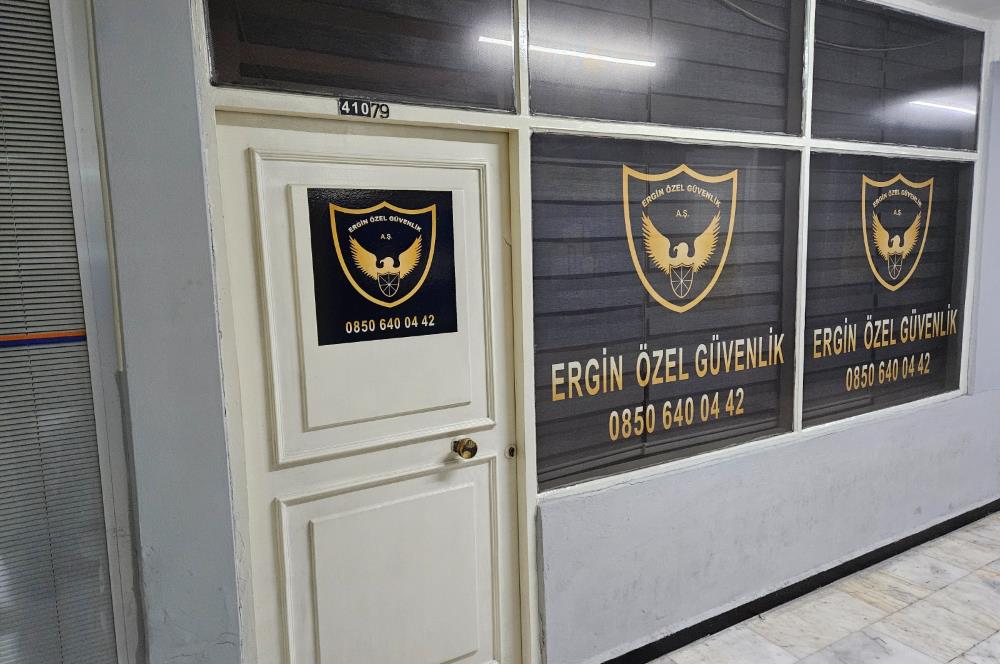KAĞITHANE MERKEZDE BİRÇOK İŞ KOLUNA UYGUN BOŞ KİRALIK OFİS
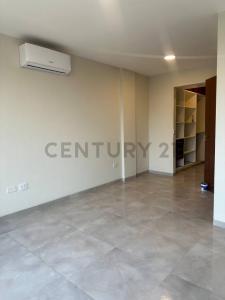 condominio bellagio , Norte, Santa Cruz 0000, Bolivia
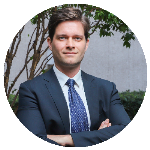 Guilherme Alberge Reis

• Task directions: In transcribing the lines above, omit the images and keep all else exact.

• Response:
KAĞITHANE MERKEZDE BİRÇOK İŞ KOLUNA UYGUN BOŞ KİRALIK OFİS
 condominio bellagio , Norte, Santa Cruz 0000, Bolivia
 Guilherme Alberge Reis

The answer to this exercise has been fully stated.